As karst areas are both vulnerable to contamination and important for drinking water supply, they
need special protection. However, protection zoning for karst is more complicated than for porous
aquifers: Karst catchment areas may cover several hundred km² and are characterized by high flow
velocities of frequently more than 100 m/h. Protection zones for porous aquifers are delineated in
Germany on the basis of the 50-day line of travel time – other countries use a 10-day line
(Switzerland), 60 (Austria) or 100 days (Ireland). If this were done for karst aquifers, the protection
zones would be enormous and lead to conflicts resulting from land-use restrictions.
As a consequence, it is essential to protect at least those areas within the catchment that are especially
vulnerable to contamination (SCHLOZ 1994). This leads to a concept of vulnerability mapping that is
not restricted to karst, but is the most relevant and most complicated when applied to karst areas. For
this reason, the COST Action 620 was set up by the Directorate General for Science, Research and
Development of the European Commission in order to propose an objective approach to "vulnerability
and risk mapping for the protection of carbonate (karst) aquifers". This paper is part of the German
contribution to this ongoing European research initiative.
Several methods have been suggested for vulnerability mapping. Some of them, like GOD (FOSTER
1987), DRASTIC (ALLER et al. 1987), and an approach proposed by the German State Geological
Surveys (the GLA method, HÖLTING et al. 1995), are applicable to all types of aquifers, but they do
not adequately take into account the special properties of karst aquifers. Methods like EPIK
(DOERFLIGER 1996, DOERFLIGER & ZWAHLEN 1998) and REKS (MALIK & SVASTA 1999) were
especially developed for karst and can only be applied there. VRBA & ZAPOROZEC (1994) give a
comprehensive overall survey of the concept of vulnerability mapping.
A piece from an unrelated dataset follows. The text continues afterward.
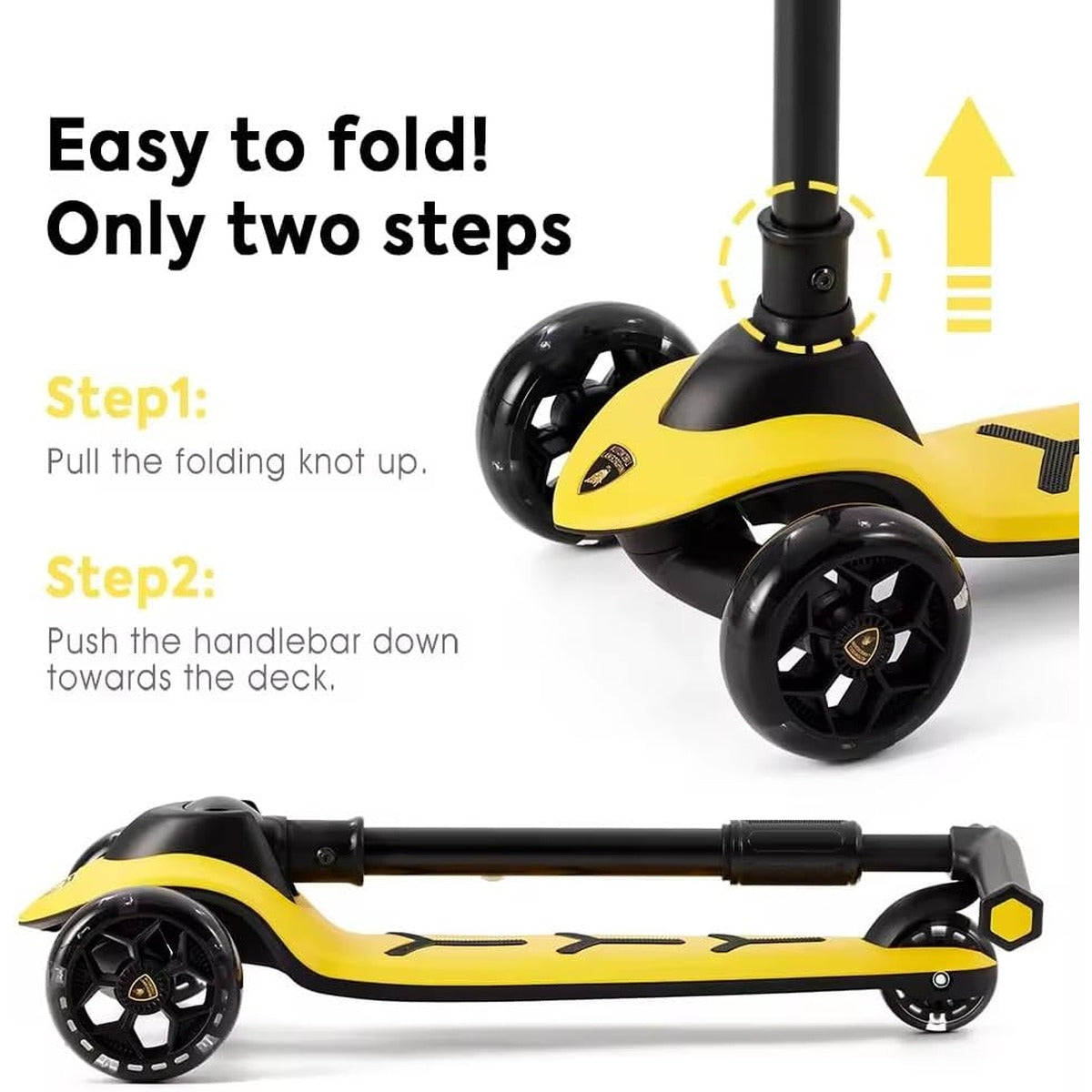 Lamborghini Yellow Scooter with seat for Kids Ages 3-8, 3 Wheel Scooter for Kids with Adjustable Height, Folding Kids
It is the authors’ opinion that a method for vulnerability mapping at the catchment scale should be
applicable for all types of aquifers as well as take into account the special features of karst. Therefore,
a new method was developed for all types of aquifers, but with special consideration of karst. It takes
into account the protective cover (P) – based on the GLA method (HÖLTING et al. 1995) – and the
infiltration conditions (I) and is, therefore, called the PI method.
This new method was first applied in the Engen karst area in the Swabian Alb in SW Germany. The
GLA method had already been applied at this test site: manually (DICKEL et al. 1993-1) and using a
GIS (DICKEL et al. 1993-2). On the basis of this study, STURM (1999) and KLUTE (2000) applied the
EPIK method and the PI method to the same area. In this paper, only the general concept of the PI
method is presented. The results of vulnerability mapping of the test site and a detailed comparison
and discussion of the three methods (PI, EPIK, GLA) will be published in Geologisches Jahrbuch in
The work was funded by the German Federal Institute for Geosciences and Natural Resources (BGR)
and carried out at the Department of Applied Geology of the University of Karlsruhe (AGK) in close
cooperation with BGR and the Geological Survey of Baden-Württemberg (LGRB).
2 Vulnerability and Groundwater Protection
2.1 The Concept of Groundwater Vulnerability, Definitions
Definitions for the following types of groundwater vulnerability have been proposed by COST Action
• Intrinsic vulnerability is the term used to define the vulnerability of groundwater to contaminants
generated by human activities. It takes into account the geological, hydrological and
hydrogeological characteristics of an area, but is independent of the nature of the contaminants.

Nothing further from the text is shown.